## Assignment
From the first line of the data below through the line bearing "Boys playing outside", reproduce each line exactly; do not include pictures.

## Data provided
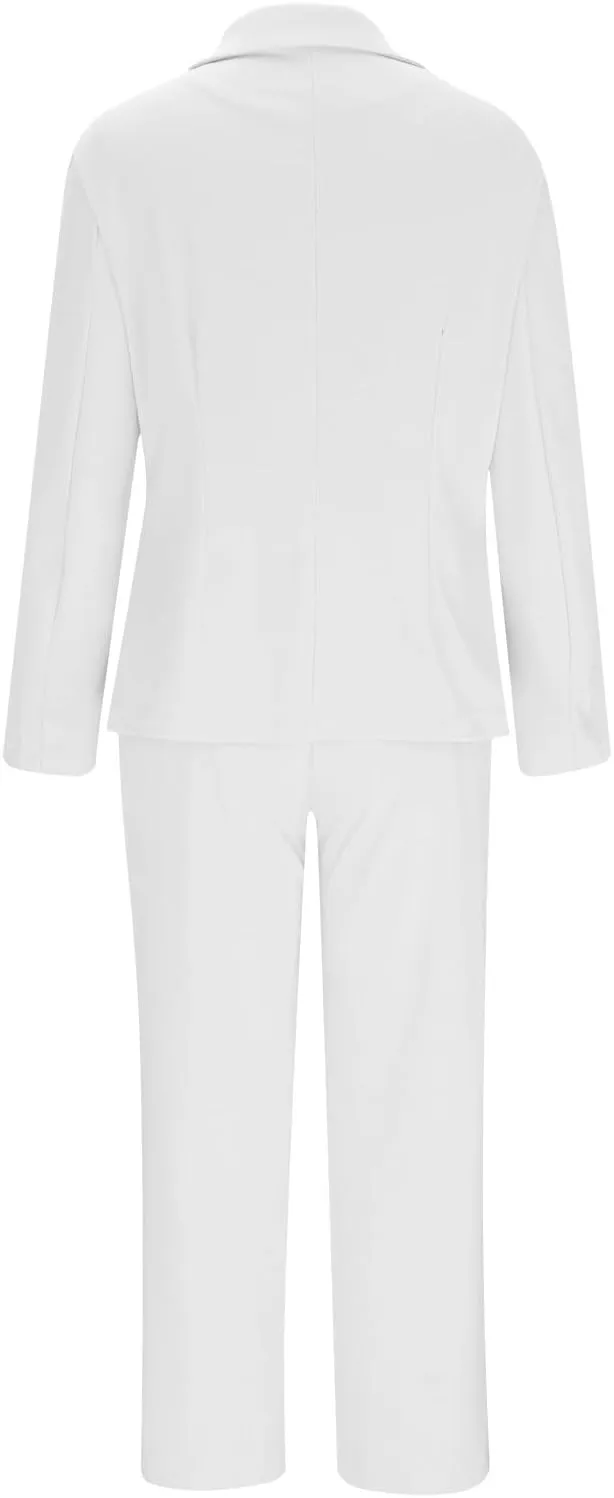 Two Piece Blazer Sets for Women Elegant Double Breasted Blazers   Pants Slim Fit Notch Lapel Solid Business Suit Sets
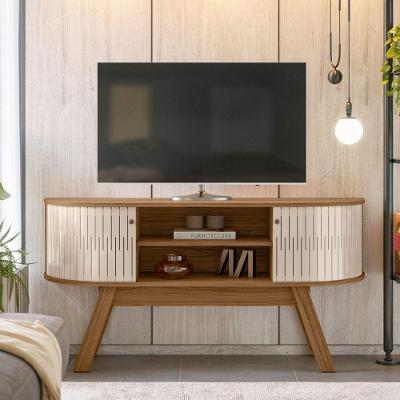 Rack para TV Lago Serena 55 Polegadas MDP com Porta Correr Naturale Off White Casah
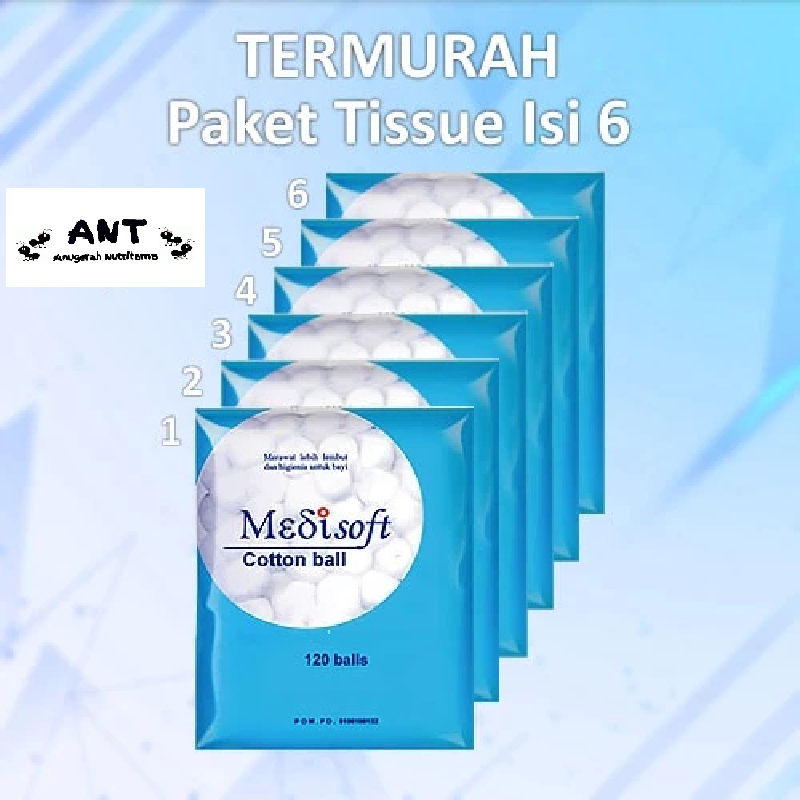 Medisoft GROSIR Cotton Ball / Kapas Bola / Kapas Bulat 120pcs Ecer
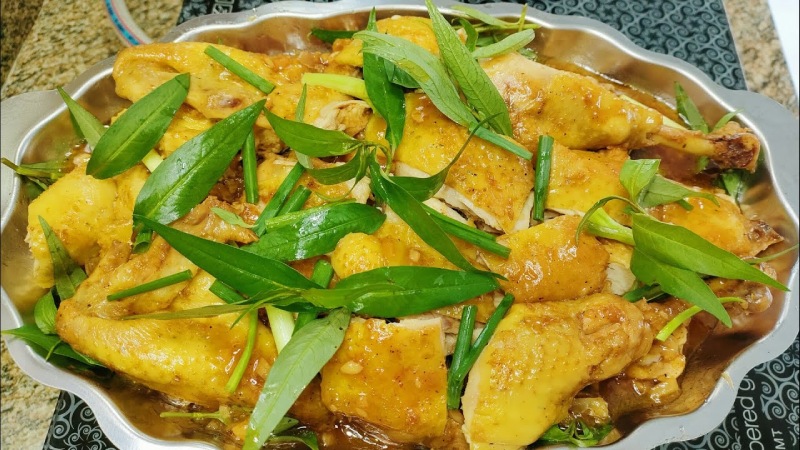 gà hấp rau răm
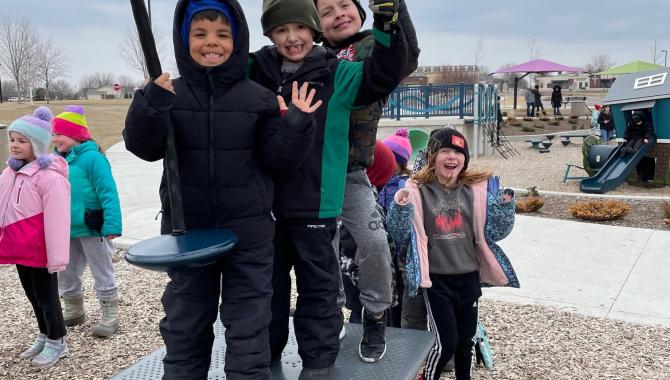 Boys playing outside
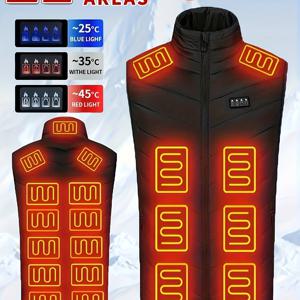 TEMU 포 스위치 컨트롤, 21개 히팅 포인트, 폴리에스터 섬유, 스탠드 칼라 디자인, 단색 커플용 지퍼 디테일 가을 겨울 아웃도어 여행 및 스키 활동용 온열 조끼 (보조배터리 미포함)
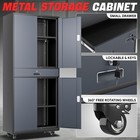 73  Lockable Heavy Duty Metal Storage Cabinet W  Adjustable Shelves Gray black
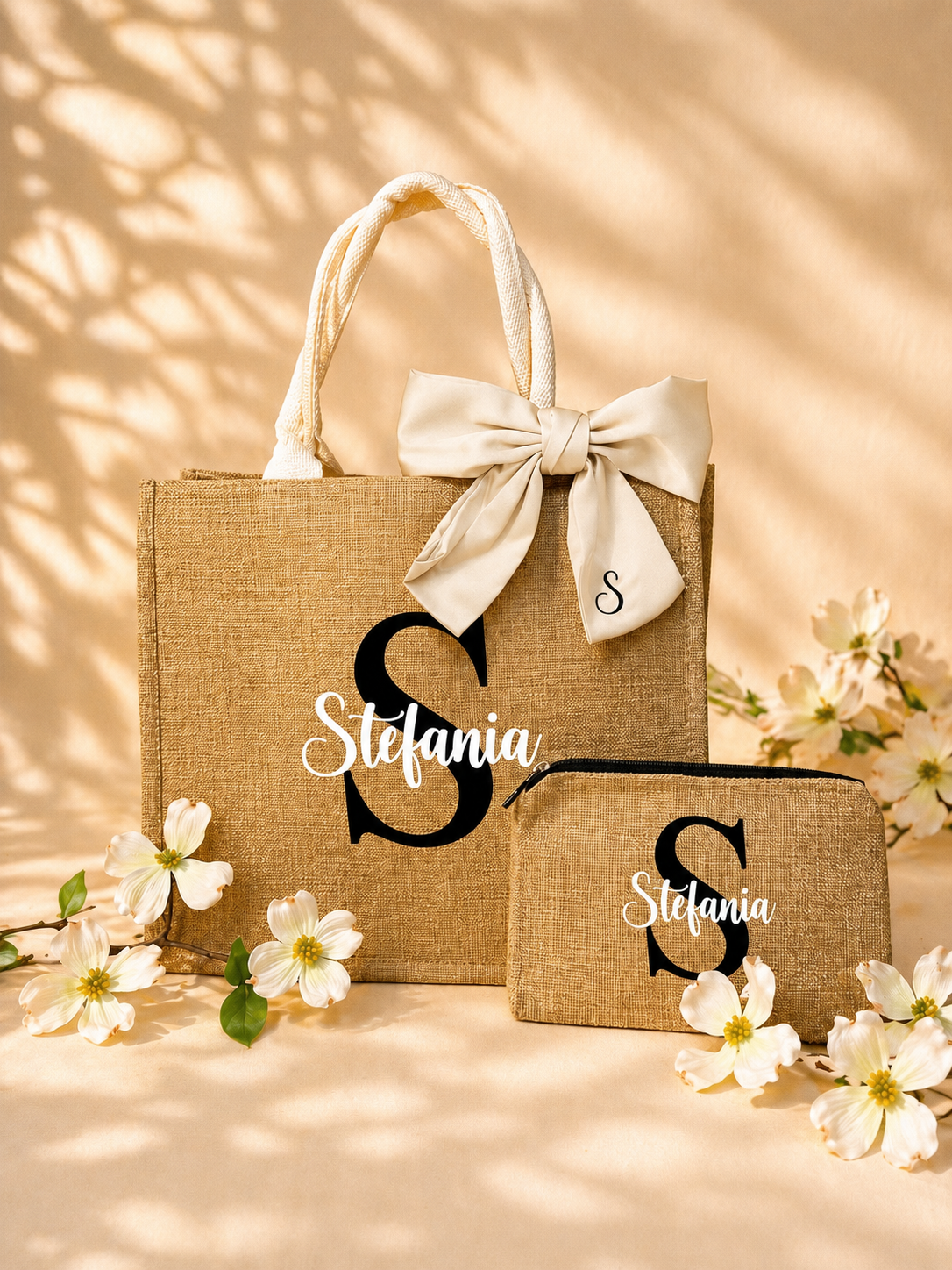 Set Borsa e Pochette in juta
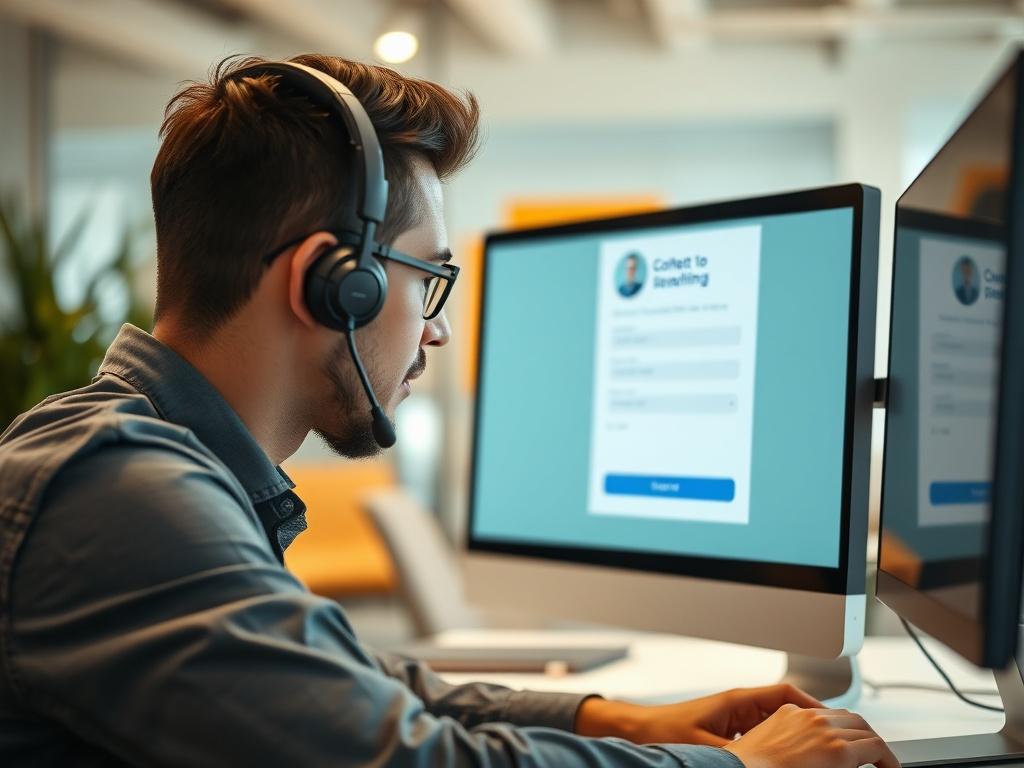 A close-up of a customer service representative engaged in a conversation with a client, using a headset and viewing the contact form on a computer screen. The setting is a modern office with a bright, welcoming atmosphere, showcasing a commitment to excellent customer service and quick response times.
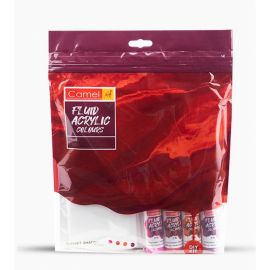 Camel Fluid Acrylic Sunset DIY Kit – Complete Fluid Art Set with Canvas and Apron
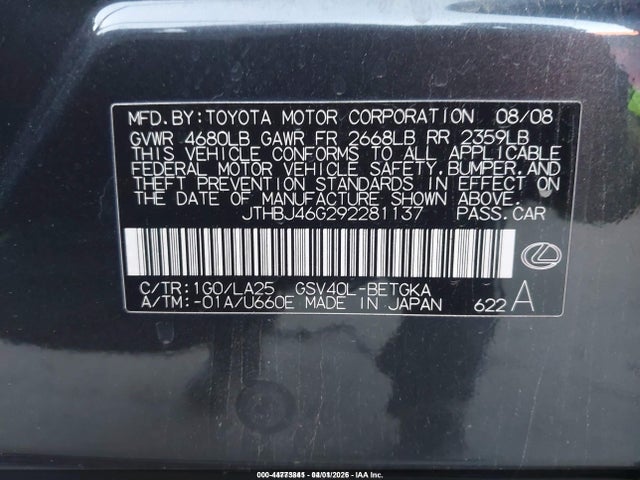 Продажа на аукционе авто 2009 Lexus Es 350, vin: JTHBJ46G292281137, номер лота: 44773841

## Solution to the exercise
 Two Piece Blazer Sets for Women Elegant Double Breasted Blazers   Pants Slim Fit Notch Lapel Solid Business Suit Sets
 Rack para TV Lago Serena 55 Polegadas MDP com Porta Correr Naturale Off White Casah
 Medisoft GROSIR Cotton Ball / Kapas Bola / Kapas Bulat 120pcs Ecer
 gà hấp rau răm
 Boys playing outside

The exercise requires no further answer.